San Bernardo, en el De consideratione, escrito por encargo del papa Eugenio III, aplica a la 
vida del pastor de la Iglesia esta lección. En un momento determinado, pide permiso para 
hacer el papel de Jetró, el suegro de Moisés, y dice cosas que, con toda sencillez, me 
permito recordar; sabiendo que estas palabras me juzgan, en primer lugar, a mí que las 
digo, antes que a cualquier otro que escucha. Dice, pues, así: «No te fíes demasiado del 
grado de oración que ahora posees, pues éste puede llegar a deteriorarse. Tengo miedo, te lo 
confieso, de que en medio de tus ocupaciones, que son tantas, por no poder esperar que 
lleguen nunca a su fin, acabes por endurecerte tú mismo y lentamente pierdas la 
sensibilidad de un dolor tan justificado y saludable. Sustráete de las ocupaciones al menos 
algún tiempo. Cualquier cosa menos permitirles que te arrastren y te lleven a donde tú no 
quieras. ¿Quieres saber a dónde? A la dureza del corazón. Hasta este extremo pueden 
llevarte esas malditas ocupaciones si, tal como empezaste, siguen absorbiéndote por entero 
sin reservarte nada para ti mismo. Entonces, ya que todos te poseen, sé tú mismo uno de los 
que disponen de ti. Todos beben de tu corazón como de una fuente pública, ¿y te quedas tú 
solo con sed? No te digo que siempre, ni te digo que a menudo, pero alguna vez, al menos, 
vuélvete hacia ti mismo. Aunque sea como a los demás, o siquiera después de los demás, 
sírvete a ti mismo». Cuando habla de esas «malditas ocupaciones», san Bernardo la 
emprende con todos esos asuntos particularmente numerosos en su tiempo, que obligaban a 
un pastor de la Iglesia, y especialmente al Papa, a hacer de árbitro entre las pequeñas 
disputas de estado o de familia, a dirimir cuestiones entre eclesiásticos, a menudo 
determinadas tan sólo por la ambición o el interés; a ser, en definitiva, una especie de juez 
en sesión permanente, como lo era Moisés antes de escuchar el consejo de Jetró. El santo 
evoca con fuerza las palabras de Jesús: Hombre, ¿quién me ha nombrado juez o árbitro 
entre vosotros? (Lc 12, 14), así como las de Pablo: Nadie que trate de servir a Dios se 
enreda en asuntos mundanos (2 Tm 2,4, según la versión de la Vulgata); y concluye 
diciendo: «Es lícito hacer lo que creemos más conveniente. Por tanto, de suyo, siempre y en 
toda ocasión, se debe preferir la piedad como un valor absoluto.
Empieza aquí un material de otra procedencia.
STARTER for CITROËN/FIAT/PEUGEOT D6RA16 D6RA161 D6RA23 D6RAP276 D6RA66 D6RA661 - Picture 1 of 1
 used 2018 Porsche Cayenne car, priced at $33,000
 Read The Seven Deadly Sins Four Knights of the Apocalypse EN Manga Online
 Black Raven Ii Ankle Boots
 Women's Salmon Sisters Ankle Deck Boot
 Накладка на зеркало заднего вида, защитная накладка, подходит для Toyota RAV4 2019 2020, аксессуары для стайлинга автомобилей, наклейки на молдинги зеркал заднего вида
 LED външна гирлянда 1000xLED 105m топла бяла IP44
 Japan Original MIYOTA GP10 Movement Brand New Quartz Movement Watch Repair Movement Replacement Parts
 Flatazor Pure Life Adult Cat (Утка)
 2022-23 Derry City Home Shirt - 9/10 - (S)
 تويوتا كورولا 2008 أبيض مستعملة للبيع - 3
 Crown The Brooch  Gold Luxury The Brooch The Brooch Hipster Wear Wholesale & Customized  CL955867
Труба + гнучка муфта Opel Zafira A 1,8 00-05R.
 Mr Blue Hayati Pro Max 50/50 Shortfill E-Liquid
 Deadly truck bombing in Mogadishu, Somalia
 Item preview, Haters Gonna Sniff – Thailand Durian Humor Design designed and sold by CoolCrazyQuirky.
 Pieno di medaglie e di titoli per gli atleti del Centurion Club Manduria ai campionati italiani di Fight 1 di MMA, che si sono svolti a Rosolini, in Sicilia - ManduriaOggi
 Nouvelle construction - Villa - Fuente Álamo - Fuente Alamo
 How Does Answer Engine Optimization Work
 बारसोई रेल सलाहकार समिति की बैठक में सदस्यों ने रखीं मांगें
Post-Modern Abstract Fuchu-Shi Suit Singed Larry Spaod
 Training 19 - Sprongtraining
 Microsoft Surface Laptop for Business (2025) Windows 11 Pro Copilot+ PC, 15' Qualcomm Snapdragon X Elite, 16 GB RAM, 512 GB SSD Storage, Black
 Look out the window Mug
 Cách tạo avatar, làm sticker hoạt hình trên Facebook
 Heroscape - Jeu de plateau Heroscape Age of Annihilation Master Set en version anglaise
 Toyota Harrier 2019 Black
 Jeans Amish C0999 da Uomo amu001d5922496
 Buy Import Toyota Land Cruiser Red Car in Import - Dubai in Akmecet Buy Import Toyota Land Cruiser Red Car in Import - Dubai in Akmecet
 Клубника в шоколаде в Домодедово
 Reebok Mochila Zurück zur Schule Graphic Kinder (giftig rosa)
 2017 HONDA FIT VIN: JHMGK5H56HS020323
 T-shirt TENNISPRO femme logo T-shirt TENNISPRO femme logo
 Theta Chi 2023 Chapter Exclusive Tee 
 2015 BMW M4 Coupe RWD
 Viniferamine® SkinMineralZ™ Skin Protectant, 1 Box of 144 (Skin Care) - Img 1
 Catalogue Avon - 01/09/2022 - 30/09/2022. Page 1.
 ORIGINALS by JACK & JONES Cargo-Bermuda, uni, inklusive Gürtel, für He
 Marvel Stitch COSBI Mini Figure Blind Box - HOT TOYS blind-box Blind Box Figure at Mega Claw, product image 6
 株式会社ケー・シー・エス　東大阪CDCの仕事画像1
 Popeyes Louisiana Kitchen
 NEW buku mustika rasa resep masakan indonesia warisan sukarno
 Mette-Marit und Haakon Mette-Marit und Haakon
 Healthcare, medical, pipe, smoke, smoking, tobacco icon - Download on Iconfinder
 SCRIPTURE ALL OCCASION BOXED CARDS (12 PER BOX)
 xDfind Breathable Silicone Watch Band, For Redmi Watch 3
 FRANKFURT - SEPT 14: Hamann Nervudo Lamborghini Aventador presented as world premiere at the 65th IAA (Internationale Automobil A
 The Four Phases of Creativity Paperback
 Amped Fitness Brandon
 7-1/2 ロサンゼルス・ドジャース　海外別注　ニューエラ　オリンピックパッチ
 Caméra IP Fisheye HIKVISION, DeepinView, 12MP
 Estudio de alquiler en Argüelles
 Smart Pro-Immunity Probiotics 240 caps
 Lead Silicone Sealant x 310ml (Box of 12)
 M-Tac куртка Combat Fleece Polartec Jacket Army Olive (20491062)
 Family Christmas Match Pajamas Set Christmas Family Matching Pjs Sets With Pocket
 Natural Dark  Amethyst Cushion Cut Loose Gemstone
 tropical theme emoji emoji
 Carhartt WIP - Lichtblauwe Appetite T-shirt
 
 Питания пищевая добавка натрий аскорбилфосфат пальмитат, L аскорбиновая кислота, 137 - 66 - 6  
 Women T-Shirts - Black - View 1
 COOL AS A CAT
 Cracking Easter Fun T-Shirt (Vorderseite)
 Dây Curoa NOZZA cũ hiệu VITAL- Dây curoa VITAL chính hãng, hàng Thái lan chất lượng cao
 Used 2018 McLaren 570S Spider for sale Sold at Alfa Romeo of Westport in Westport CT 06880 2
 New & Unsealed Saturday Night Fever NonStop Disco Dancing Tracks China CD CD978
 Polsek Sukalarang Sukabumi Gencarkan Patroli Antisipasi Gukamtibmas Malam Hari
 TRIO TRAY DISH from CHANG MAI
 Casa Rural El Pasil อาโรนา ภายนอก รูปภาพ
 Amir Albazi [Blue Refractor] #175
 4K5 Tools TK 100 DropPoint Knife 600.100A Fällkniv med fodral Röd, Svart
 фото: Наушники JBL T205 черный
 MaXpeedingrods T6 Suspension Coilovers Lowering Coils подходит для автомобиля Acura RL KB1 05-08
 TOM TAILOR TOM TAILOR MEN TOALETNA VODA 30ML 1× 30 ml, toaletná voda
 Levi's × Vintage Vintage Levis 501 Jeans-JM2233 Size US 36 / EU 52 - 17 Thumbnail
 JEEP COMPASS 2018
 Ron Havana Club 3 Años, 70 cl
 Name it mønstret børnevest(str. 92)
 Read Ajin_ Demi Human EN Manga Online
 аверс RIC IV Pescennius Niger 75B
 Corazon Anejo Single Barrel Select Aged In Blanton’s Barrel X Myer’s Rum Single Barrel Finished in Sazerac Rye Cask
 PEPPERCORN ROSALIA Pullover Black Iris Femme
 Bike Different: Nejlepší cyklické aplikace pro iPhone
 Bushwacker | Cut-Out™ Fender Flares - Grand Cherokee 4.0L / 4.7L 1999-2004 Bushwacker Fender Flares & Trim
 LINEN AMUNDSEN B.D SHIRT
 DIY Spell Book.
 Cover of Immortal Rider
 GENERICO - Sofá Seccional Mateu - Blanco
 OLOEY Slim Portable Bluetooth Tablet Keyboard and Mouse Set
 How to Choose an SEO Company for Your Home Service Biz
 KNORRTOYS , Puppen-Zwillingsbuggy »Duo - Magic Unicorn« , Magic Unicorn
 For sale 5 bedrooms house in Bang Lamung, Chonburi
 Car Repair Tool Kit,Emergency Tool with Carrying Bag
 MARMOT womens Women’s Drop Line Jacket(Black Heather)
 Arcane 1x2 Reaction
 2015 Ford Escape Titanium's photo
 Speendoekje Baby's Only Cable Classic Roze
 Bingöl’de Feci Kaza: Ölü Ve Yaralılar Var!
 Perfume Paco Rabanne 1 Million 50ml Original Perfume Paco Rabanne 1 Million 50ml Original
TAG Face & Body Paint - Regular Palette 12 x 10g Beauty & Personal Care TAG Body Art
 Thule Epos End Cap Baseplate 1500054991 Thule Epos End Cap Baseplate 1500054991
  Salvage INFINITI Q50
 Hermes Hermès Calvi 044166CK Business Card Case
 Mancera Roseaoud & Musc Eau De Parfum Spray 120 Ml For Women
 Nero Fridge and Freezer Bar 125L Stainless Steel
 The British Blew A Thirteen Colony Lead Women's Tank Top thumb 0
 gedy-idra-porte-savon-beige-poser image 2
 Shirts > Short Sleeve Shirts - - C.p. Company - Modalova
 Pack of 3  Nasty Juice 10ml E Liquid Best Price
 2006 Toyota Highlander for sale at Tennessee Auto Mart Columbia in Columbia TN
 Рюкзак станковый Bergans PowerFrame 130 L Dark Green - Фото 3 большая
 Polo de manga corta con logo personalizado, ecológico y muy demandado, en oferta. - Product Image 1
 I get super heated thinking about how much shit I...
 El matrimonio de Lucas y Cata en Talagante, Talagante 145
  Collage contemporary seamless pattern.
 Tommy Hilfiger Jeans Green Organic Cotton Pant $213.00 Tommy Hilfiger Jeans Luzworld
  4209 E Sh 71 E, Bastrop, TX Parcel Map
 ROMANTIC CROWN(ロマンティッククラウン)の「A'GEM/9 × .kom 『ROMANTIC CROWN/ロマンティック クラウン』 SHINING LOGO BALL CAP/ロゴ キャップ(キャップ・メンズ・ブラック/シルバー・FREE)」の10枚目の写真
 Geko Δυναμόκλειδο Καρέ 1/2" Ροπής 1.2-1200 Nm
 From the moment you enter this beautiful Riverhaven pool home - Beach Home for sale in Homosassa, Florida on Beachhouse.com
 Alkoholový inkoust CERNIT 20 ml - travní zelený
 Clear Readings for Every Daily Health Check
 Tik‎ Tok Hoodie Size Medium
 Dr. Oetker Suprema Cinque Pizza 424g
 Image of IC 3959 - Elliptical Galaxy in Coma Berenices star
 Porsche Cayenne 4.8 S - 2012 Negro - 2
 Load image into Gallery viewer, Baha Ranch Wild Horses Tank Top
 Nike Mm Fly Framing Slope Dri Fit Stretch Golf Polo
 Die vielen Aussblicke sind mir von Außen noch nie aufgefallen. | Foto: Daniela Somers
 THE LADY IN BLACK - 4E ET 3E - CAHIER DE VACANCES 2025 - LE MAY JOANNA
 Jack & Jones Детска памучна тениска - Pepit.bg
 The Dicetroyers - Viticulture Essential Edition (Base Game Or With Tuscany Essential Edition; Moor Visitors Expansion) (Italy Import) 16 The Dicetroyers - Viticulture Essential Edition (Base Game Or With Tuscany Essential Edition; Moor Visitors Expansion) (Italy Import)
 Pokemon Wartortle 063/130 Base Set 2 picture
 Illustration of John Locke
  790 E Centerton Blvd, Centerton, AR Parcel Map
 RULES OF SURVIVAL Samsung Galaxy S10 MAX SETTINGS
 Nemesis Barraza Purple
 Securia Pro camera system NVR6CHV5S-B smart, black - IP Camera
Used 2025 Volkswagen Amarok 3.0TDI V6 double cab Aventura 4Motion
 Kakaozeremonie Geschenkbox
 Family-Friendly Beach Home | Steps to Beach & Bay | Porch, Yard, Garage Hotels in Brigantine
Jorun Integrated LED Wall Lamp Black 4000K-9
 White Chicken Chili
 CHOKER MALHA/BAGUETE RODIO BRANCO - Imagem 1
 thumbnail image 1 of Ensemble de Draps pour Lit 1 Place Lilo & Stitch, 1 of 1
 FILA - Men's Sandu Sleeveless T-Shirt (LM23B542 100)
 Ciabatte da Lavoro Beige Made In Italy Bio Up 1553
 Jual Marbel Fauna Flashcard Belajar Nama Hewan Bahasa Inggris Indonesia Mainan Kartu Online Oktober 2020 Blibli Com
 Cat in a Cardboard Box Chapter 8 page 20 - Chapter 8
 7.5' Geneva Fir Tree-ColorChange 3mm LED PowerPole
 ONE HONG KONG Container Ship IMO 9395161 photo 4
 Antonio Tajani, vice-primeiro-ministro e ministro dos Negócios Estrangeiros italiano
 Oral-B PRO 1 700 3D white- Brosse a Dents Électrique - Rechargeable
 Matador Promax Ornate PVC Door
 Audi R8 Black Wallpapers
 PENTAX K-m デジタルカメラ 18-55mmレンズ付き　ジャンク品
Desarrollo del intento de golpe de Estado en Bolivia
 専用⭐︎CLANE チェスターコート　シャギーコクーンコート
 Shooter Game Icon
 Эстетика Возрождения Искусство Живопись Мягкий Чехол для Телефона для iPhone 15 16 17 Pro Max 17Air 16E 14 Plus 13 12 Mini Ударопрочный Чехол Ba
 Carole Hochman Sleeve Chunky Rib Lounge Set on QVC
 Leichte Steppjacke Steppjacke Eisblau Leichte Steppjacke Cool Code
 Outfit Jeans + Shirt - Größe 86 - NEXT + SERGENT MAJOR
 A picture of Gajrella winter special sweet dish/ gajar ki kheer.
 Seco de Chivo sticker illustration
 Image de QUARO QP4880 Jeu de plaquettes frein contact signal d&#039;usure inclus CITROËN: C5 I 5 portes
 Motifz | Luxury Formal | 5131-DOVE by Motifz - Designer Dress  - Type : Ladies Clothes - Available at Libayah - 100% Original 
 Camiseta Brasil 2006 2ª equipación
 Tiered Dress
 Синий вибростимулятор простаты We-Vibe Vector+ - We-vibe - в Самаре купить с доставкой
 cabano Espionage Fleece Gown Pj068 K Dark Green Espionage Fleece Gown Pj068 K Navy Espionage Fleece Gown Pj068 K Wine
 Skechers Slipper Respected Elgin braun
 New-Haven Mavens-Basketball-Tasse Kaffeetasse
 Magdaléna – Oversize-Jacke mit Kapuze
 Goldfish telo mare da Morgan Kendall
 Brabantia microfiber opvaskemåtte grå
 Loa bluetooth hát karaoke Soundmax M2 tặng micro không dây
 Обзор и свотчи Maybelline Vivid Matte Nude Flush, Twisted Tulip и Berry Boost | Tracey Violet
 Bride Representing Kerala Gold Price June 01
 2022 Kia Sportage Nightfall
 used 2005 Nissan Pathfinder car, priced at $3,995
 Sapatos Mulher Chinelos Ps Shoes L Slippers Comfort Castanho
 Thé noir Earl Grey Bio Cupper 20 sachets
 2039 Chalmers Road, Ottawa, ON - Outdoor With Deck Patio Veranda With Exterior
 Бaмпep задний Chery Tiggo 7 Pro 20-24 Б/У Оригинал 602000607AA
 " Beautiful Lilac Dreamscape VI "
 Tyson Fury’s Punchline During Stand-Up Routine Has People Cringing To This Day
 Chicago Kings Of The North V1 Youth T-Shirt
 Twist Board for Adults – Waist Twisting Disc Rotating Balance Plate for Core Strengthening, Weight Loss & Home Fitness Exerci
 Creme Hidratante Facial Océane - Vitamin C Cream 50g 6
Porque es útil para todo; 
así nos lo muestra indiscutiblemente nuestra razón (cfr. 1 Tm 4,8)».     Nuestro pensamiento 
vuela espontáneamente hacia una visión: una visión que es nostálgica, porque evoca de 
nuevo lo que existía en los comienzos de la Iglesia; y que quisiera que fuera, además, 
profética, anticipando lo que existirá de nuevo, dentro de poco y de forma generalizada, en 
la Iglesia. La «visión» es la de casas de obispos que se presenten, sobre todo, como «casas 
de oración» (y no de administración de asuntos, aunque se trate de asuntos eclesiásticos); 
parroquias cuya iglesia pueda llamarse, de verdad «casa de oración para todos los pueblos» 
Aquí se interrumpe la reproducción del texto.